The part below that opens with the line containing "Sparkle Charm Silver Bracelet" and closes with the line containing "CandyMan 99535 Men's" should be copied exactly, minus any pictures.

*** Begin section ***

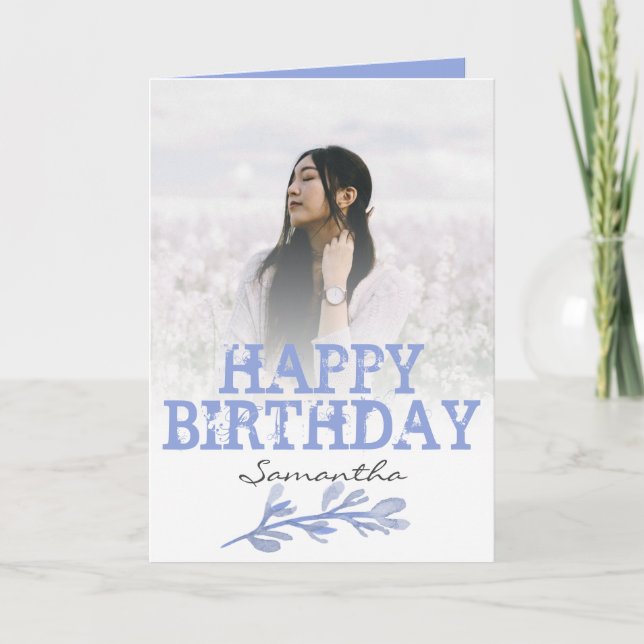 Elegant Modern Dusty Blue Photo Watercolor  Card (Front)
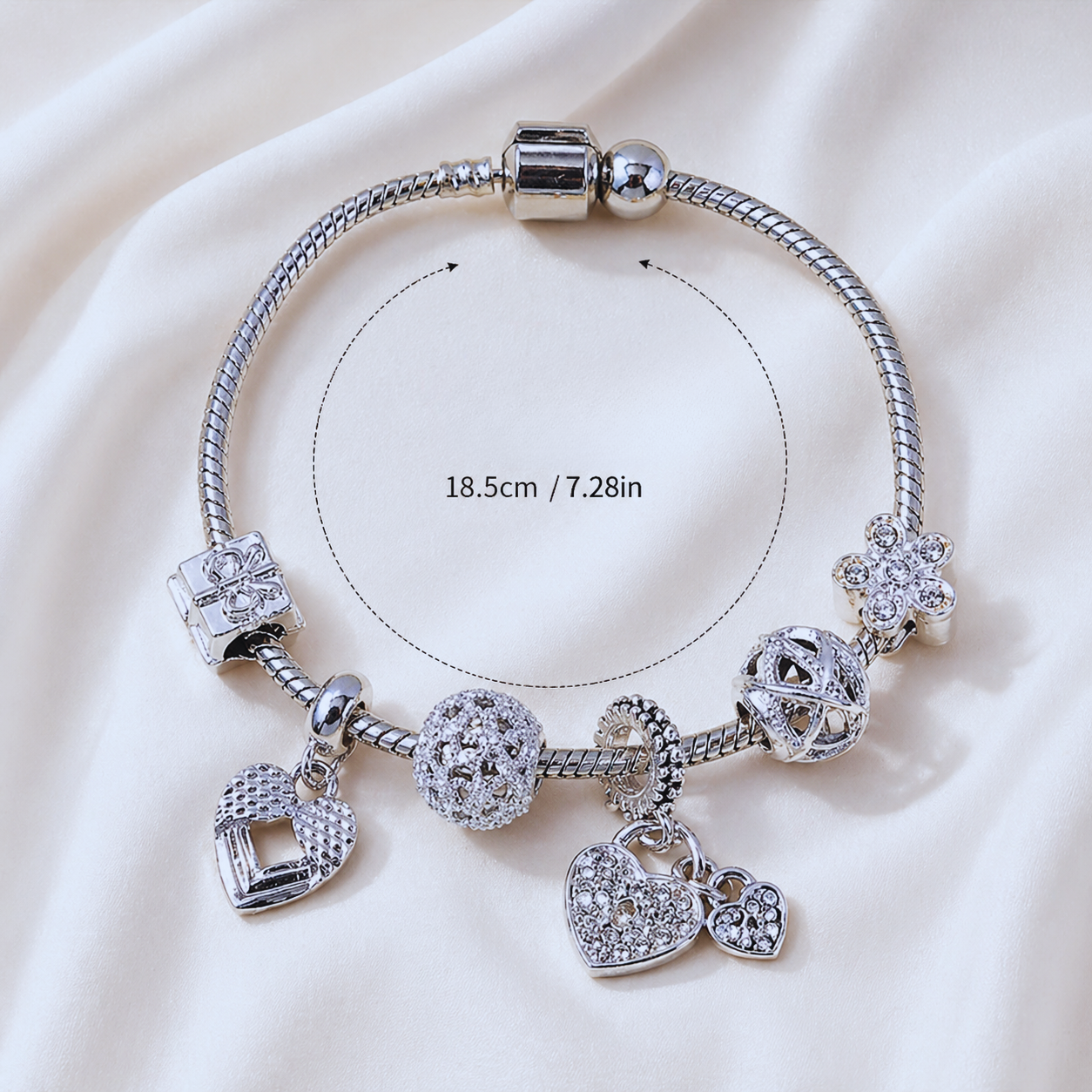 Sparkle Charm Silver Bracelet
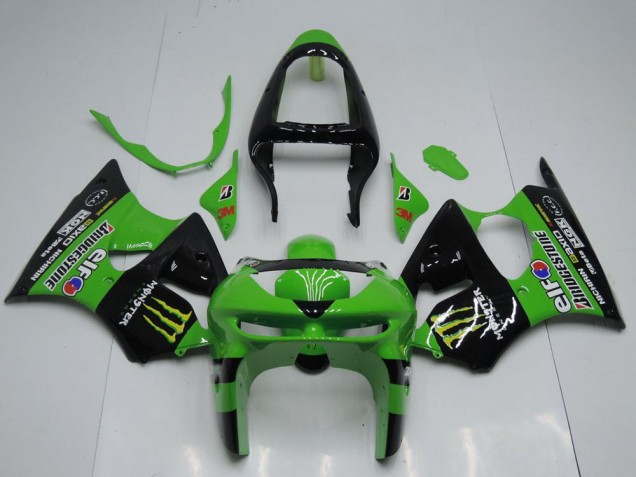 Online Verde Negro Brillante Amarillo Elf Bridgestone Monstruo Carenado Moto Kawasaki ZX6R 1998-1999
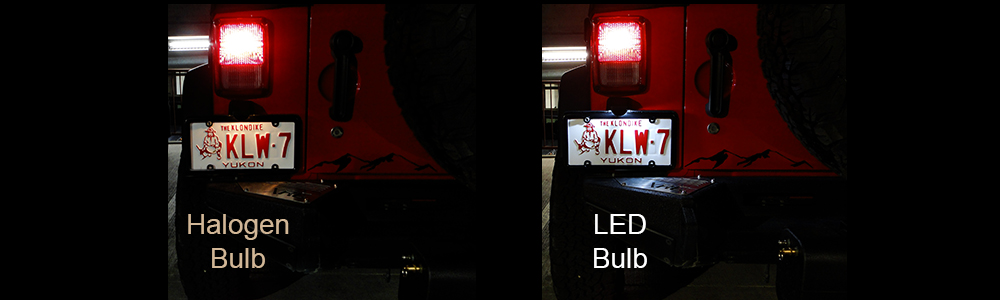Halogen Bulb vs. Led Bulb License Plate Wrangler JK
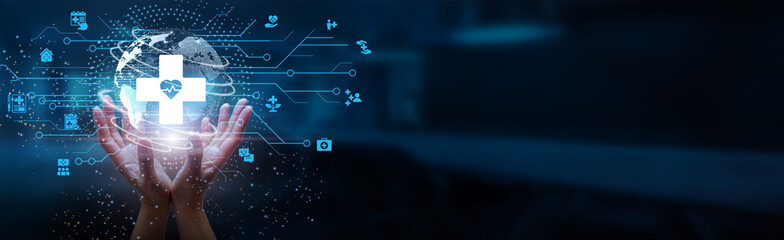 Hands holding globe with network connecting data of patient information and medical research,...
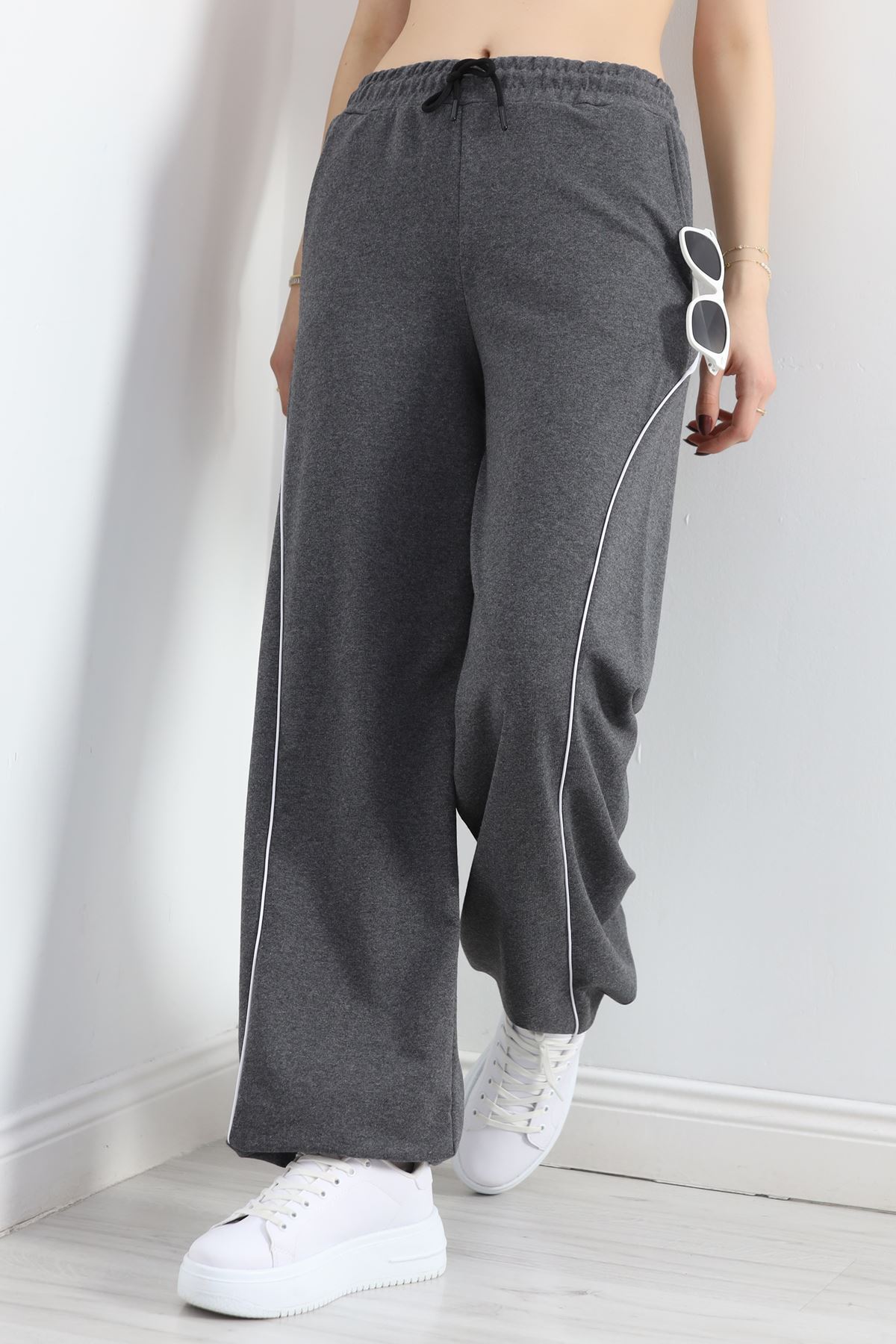 Paça Stoperli 2 İplik Eşofman Altı Füme - 50058.1857.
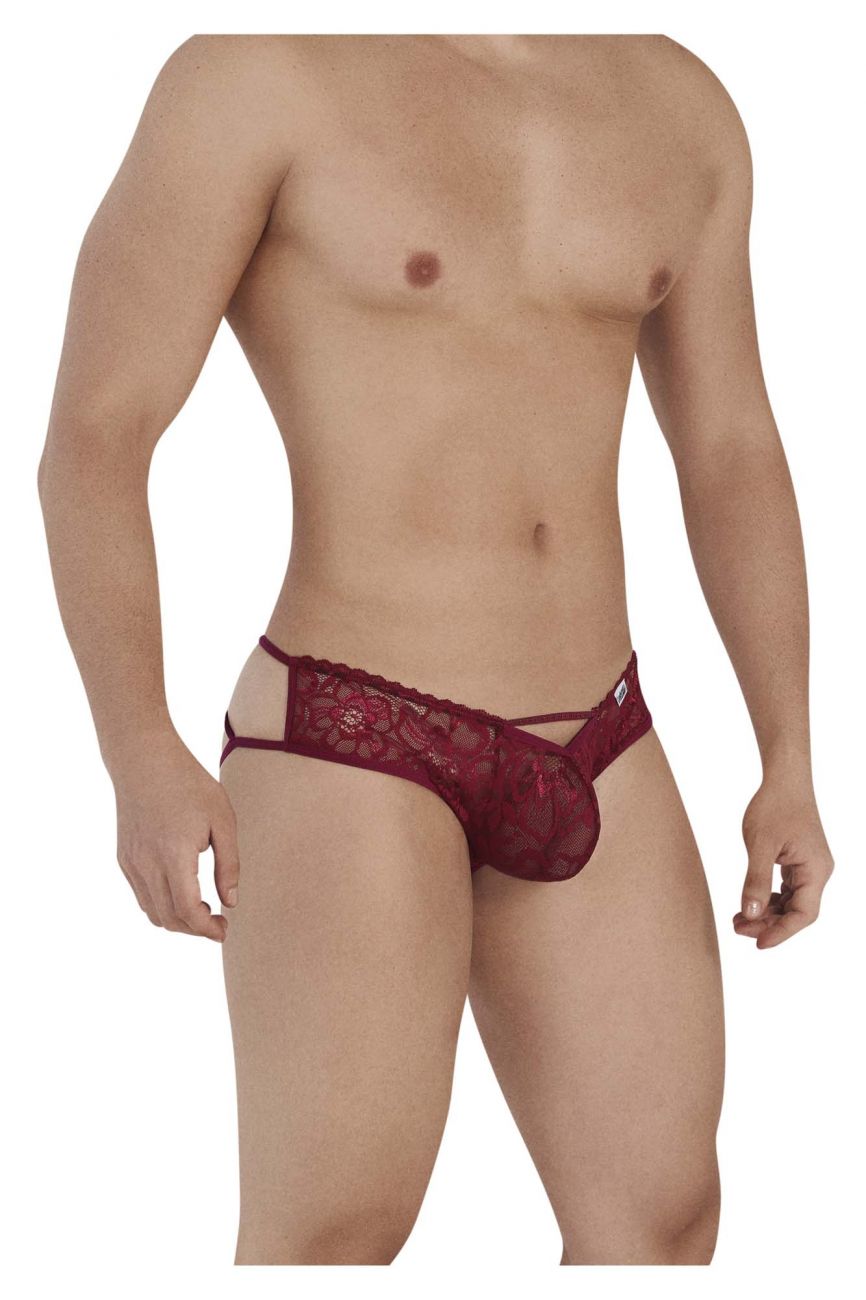 CandyMan 99535 Men's Underwear Bow & Lace Jockstrap Color Burgundy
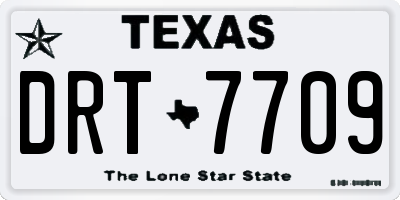 TX license plate DRT7709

*** End section ***

### Answer to this problem
 Sparkle Charm Silver Bracelet
 Online Verde Negro Brillante Amarillo Elf Bridgestone Monstruo Carenado Moto Kawasaki ZX6R 1998-1999
Halogen Bulb vs. Led Bulb License Plate Wrangler JK
 Hands holding globe with network connecting data of patient information and medical research,...
 Paça Stoperli 2 İplik Eşofman Altı Füme - 50058.1857.
 CandyMan 99535 Men's Underwear Bow & Lace Jockstrap Color Burgundy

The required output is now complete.